(Provided data begins)

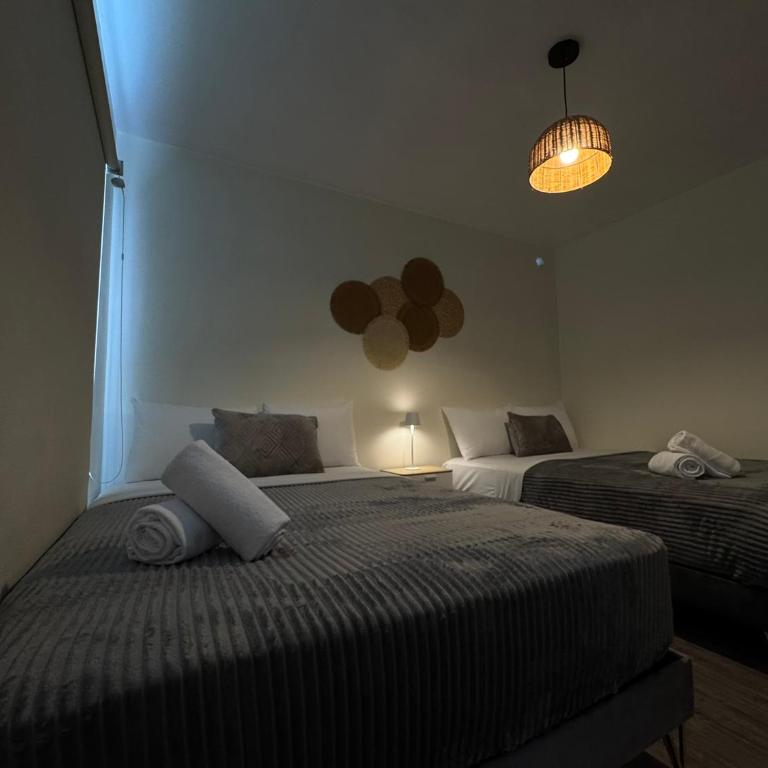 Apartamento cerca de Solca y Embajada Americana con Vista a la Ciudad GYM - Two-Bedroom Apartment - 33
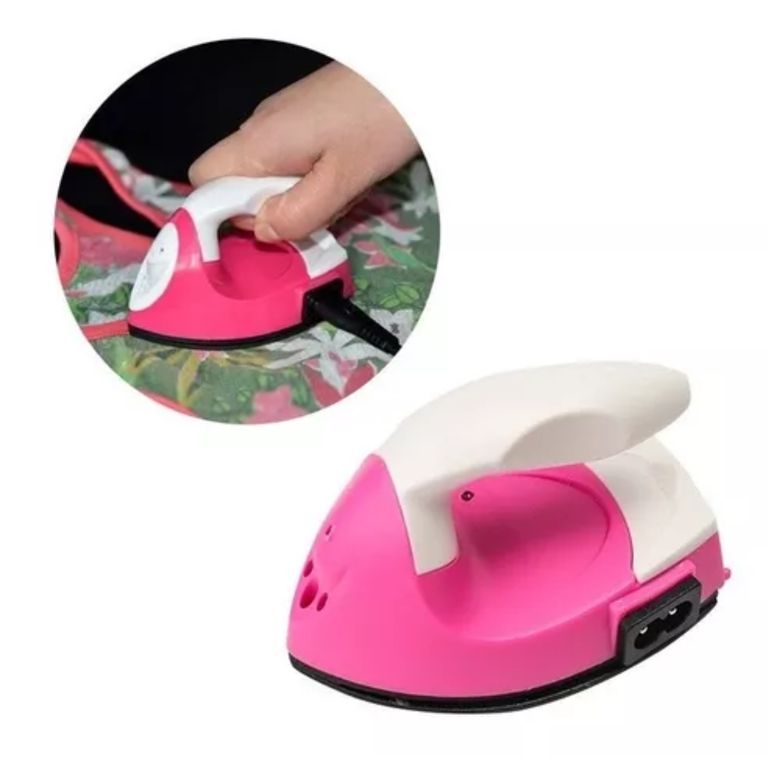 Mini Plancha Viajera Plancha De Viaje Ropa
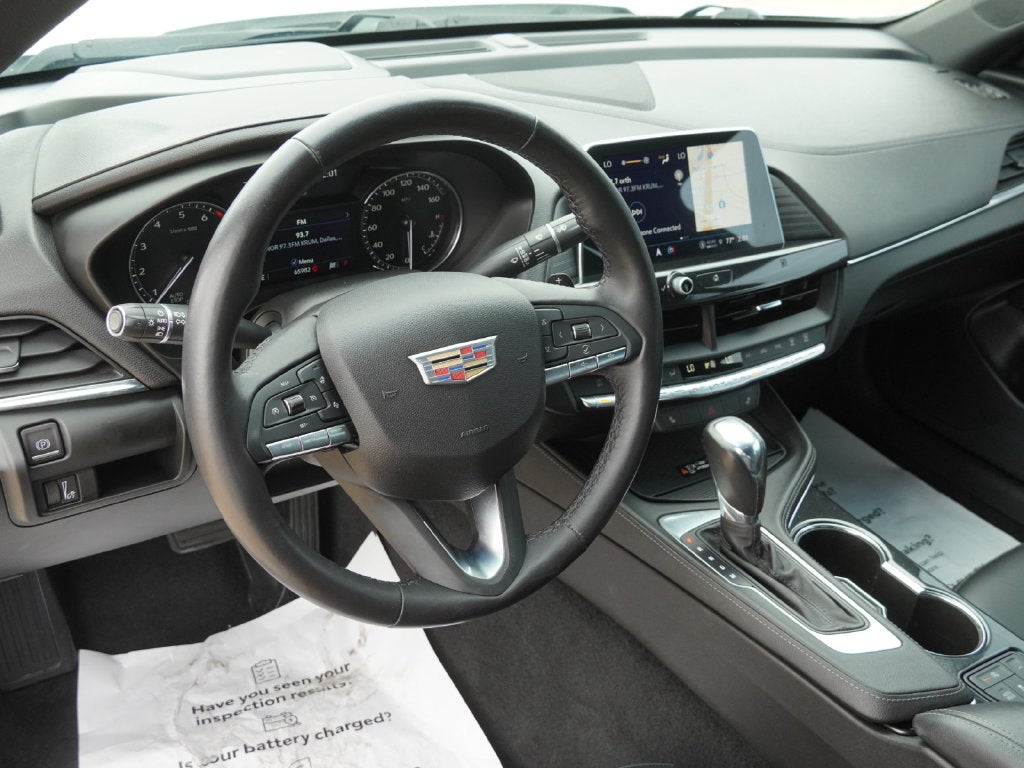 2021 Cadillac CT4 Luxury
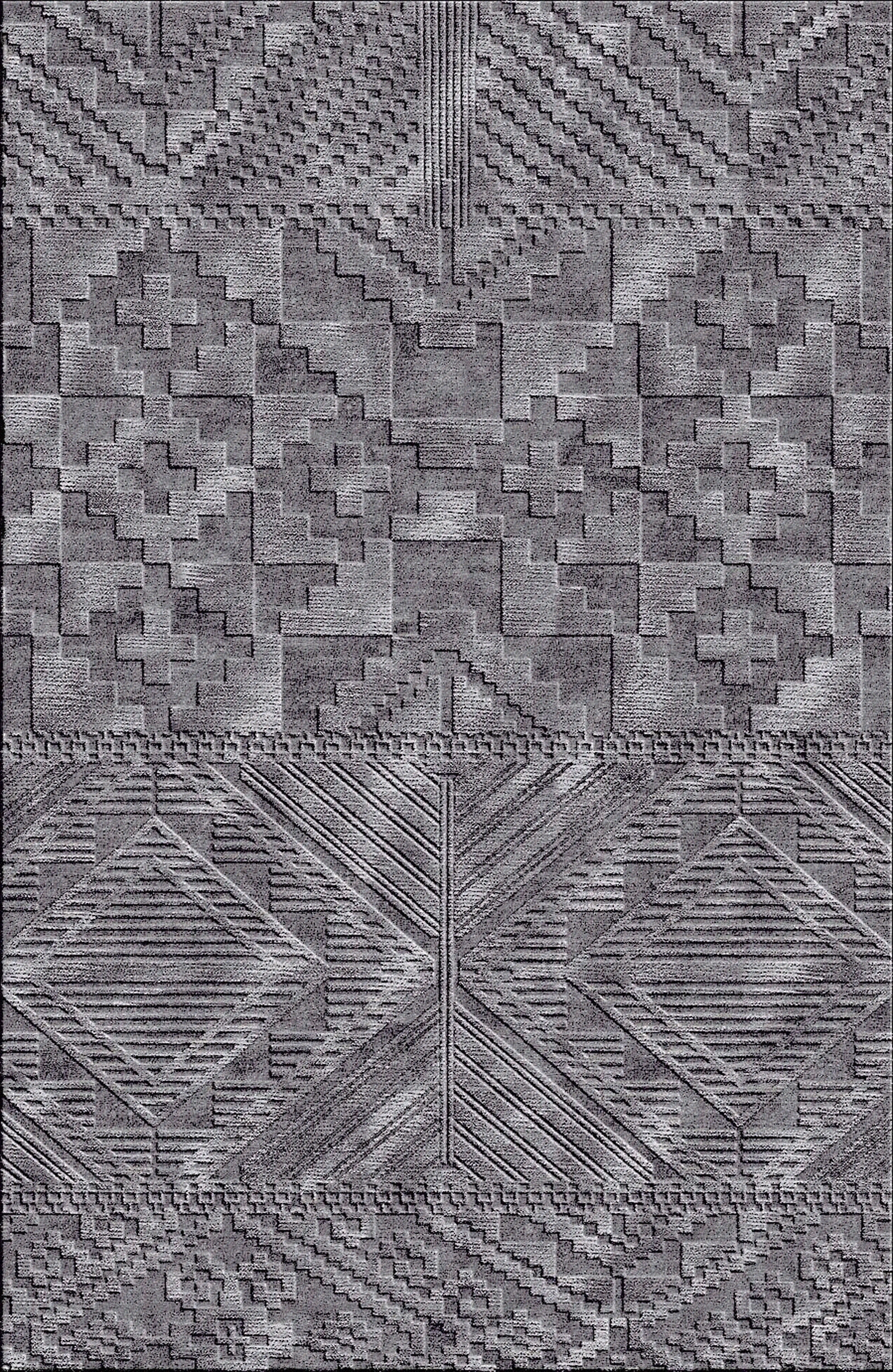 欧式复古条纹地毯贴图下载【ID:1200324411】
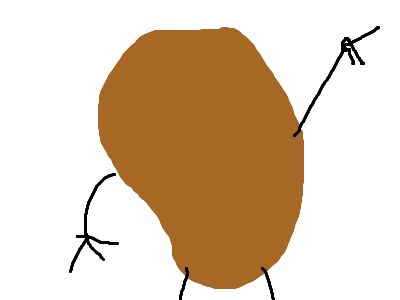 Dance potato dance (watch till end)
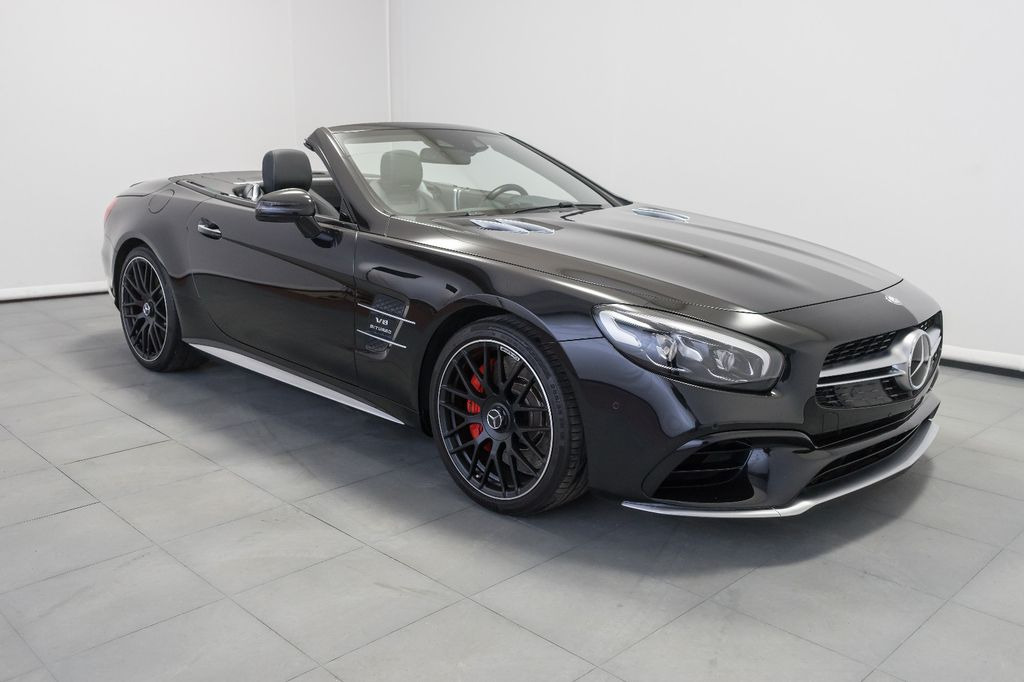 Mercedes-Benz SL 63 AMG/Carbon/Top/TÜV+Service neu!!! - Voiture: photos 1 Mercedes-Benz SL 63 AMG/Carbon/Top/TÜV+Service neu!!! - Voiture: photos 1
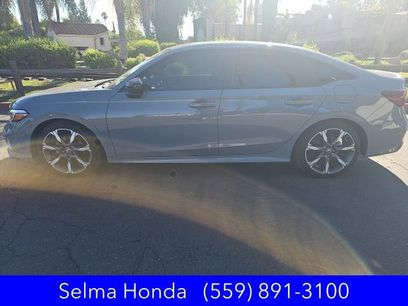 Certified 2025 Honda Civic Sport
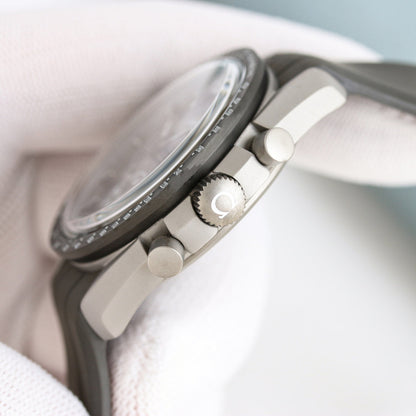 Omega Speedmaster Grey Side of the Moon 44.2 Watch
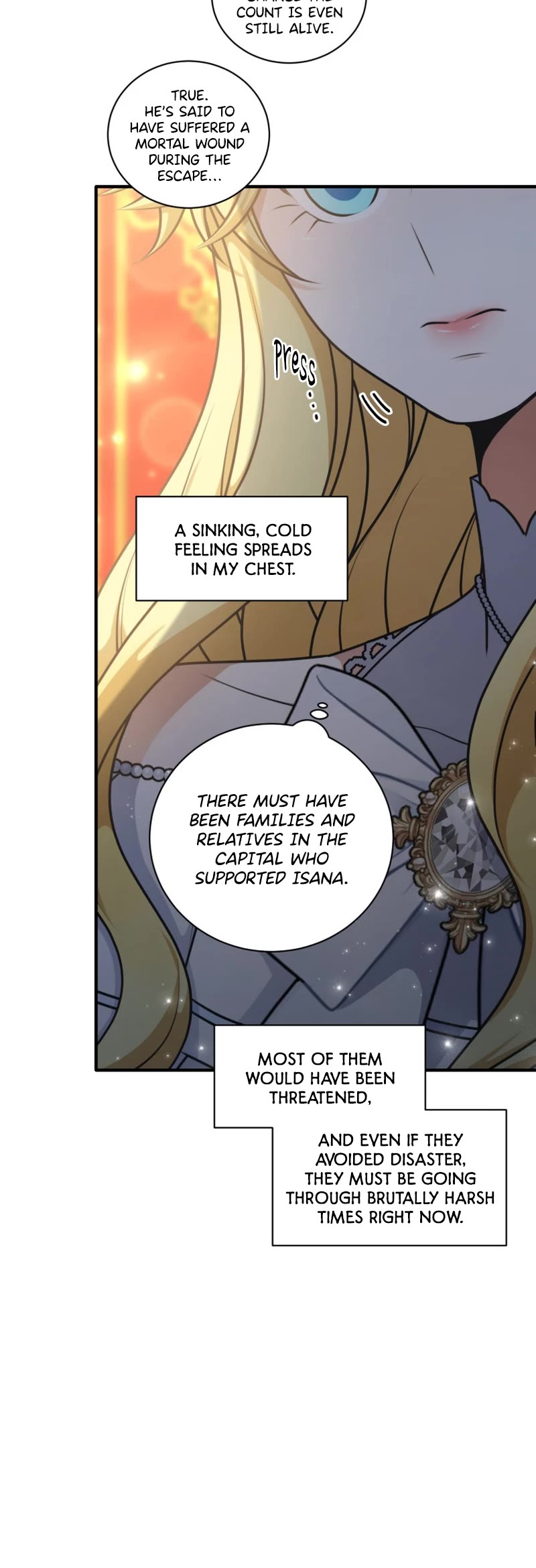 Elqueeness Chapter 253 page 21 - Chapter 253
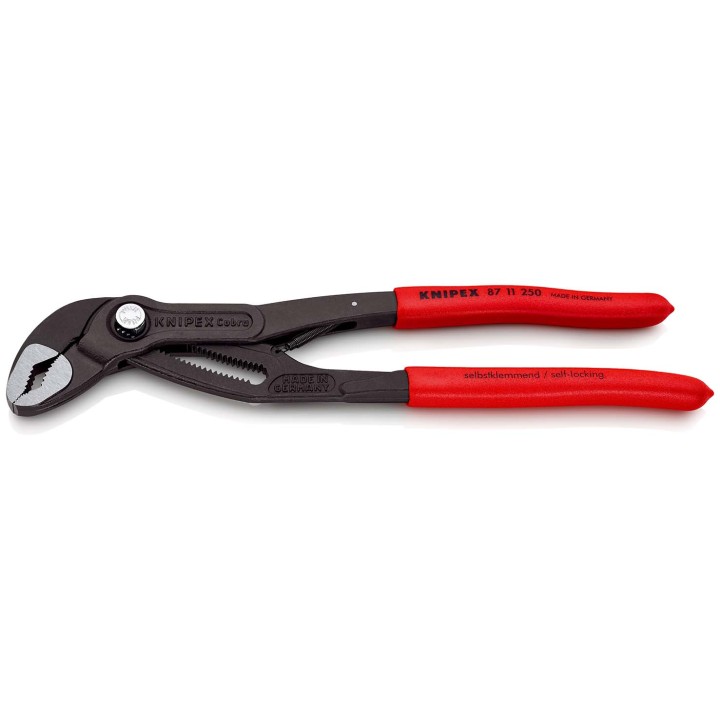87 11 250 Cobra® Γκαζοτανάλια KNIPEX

(Provided data ends)

● What is required
Every entry should be returned exactly as written, minus the pictures.

● Solved problem
 Apartamento cerca de Solca y Embajada Americana con Vista a la Ciudad GYM - Two-Bedroom Apartment - 33
 Mini Plancha Viajera Plancha De Viaje Ropa
 2021 Cadillac CT4 Luxury
 欧式复古条纹地毯贴图下载【ID:1200324411】
 Dance potato dance (watch till end)
 Mercedes-Benz SL 63 AMG/Carbon/Top/TÜV+Service neu!!! - Voiture: photos 1 Mercedes-Benz SL 63 AMG/Carbon/Top/TÜV+Service neu!!! - Voiture: photos 1
 Certified 2025 Honda Civic Sport
 Omega Speedmaster Grey Side of the Moon 44.2 Watch
 Elqueeness Chapter 253 page 21 - Chapter 253
87 11 250 Cobra® Γκαζοτανάλια KNIPEX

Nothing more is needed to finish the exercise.